Tim died aged 29. But his mother keeps him alive on the web, and they are not alone

Helen Spedding is grieving. But she has found a new way to keep alive the memory of her son Tim, killed by liver cancer aged only 29: she is among a growing number of people who are mourning on internet memorial sites.

"I want everybody to know he was here," said Helen. "I wanted to leave a mark that he'd actually existed and show what a great guy he was and how much I loved him."

Her profile includes the heart-rending words "I am so proud to say I'm your Mum - so proud of you and your life - and every day I miss you more with every second that passes."

Helen, 55 and from Nailsea, Avon, is among the first to have created a tribute page on a new website, www.missyou.org.uk, being launched next week. The virtual world is increasingly helping bereaved families to cope, online memorials replacing the traditional newspaper obituary.

Developed by Weston Hospicecare through Help the Hospices charity, www.missyou.org.uk is Britain's first memorial website created by bereavement specialists, following the lead of hundreds of similar websites springing up. Helen sees the web as providing a place to celebrate the life her son led. "It doesn't matter where I am or what I am doing, I can always go online and think about Tim. It is a private place where me and Timmy can talk to each other.

"It is sad to keep the memory alive and it hurts, but it is ultimately comforting to go there even if it makes you sad sometimes. It is like having a living, breathing, family heirloom."

The family of Michael Hutchence, the former lead singer of INXS, helped pioneer online mourning. Their site was opened by his father, who has since died, and is now maintained by his sisters as a memorial. The site is being archived by the Australian library as a national treasure.

Dr Ann Dent, chair of the National Bereavement Research Forum, said: "We used to believe letting go of somebody who died was healthy, but the importance of continuing bonds is all about remembering that somebody lived and keeping that memory alive."

Dr Dent says the internet has changed the way in which the dead are remembered. "There is more openness now, especially with younger people.
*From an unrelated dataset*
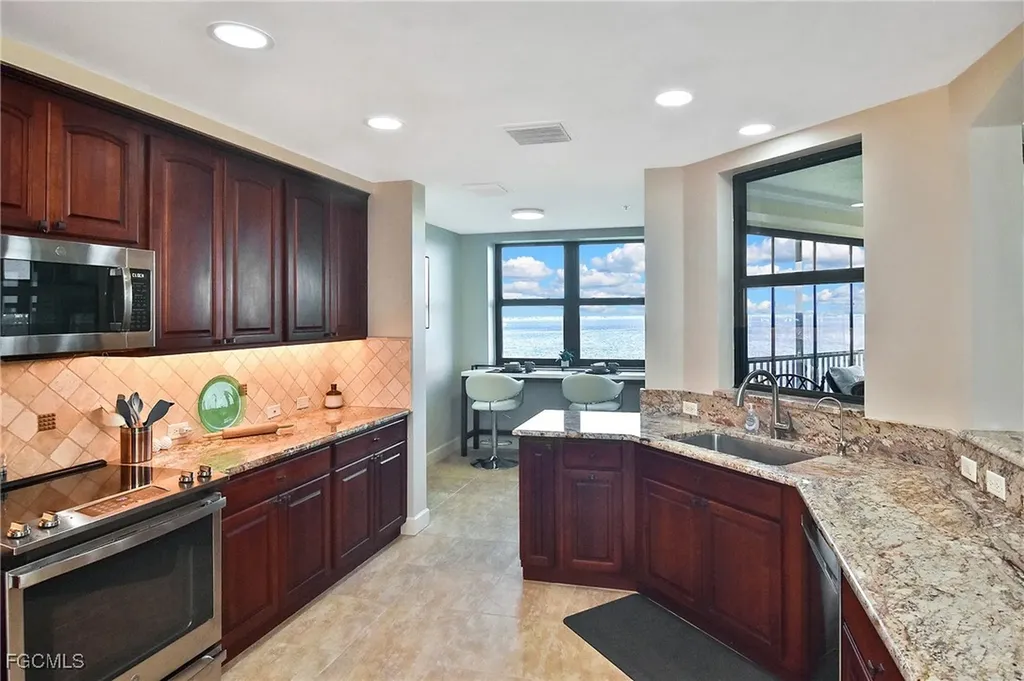 11600 Court Of Palms Fort Myers FL 33908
The missyou website has a therapeutic value and gives people the chance to express themselves in whatever way they want."

Karen Murphy, chaplain at Weston Hospicecare and among those behind missyou.org.uk said: "It is indicative of a trend in a different way of mourning and bereavement. Princess Diana's death was the beginning of an awareness of the emotional outpouring that people need to express. We want to give people an opportunity that hasn't been there to say what they feel in a safe environment where it doesn't matter what others think."

But there will always be a place for the physical memorial stone, says Tim Morris, of the Institute of Cemetery and Crematorium Management. "The traditional place for memories is in the cemetery and crematorium. I do not think we will see thousands of unmarked graves with memories floating around the internet."